### DATASET RECORDS
.....

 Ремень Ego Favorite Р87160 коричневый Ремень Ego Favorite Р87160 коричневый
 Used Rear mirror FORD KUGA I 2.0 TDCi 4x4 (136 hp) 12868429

.....

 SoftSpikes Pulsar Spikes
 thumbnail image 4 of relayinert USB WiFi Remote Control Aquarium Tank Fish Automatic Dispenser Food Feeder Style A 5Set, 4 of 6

.....

Please give an exact copy of the entries above, from the line with "Ремень Ego Favorite Р87160 коричневый Ремень" down to the line with "Used Rear mirror", inclusive, and nothing else.

 Ремень Ego Favorite Р87160 коричневый Ремень Ego Favorite Р87160 коричневый
 Used Rear mirror FORD KUGA I 2.0 TDCi 4x4 (136 hp) 12868429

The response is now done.